● **INFORMATION PROVIDED**:
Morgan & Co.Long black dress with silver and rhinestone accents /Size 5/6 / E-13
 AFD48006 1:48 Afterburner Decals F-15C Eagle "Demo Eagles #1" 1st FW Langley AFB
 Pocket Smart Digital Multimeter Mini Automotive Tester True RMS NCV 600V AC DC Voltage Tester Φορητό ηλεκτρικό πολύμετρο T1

● **THE TASK**:
The reply must contain each line of the material, reproduced faithfully.

● **RESPONSE FOR THIS EXERCISE**:
Morgan & Co.Long black dress with silver and rhinestone accents /Size 5/6 / E-13
 AFD48006 1:48 Afterburner Decals F-15C Eagle "Demo Eagles #1" 1st FW Langley AFB
 Pocket Smart Digital Multimeter Mini Automotive Tester True RMS NCV 600V AC DC Voltage Tester Φορητό ηλεκτρικό πολύμετρο T1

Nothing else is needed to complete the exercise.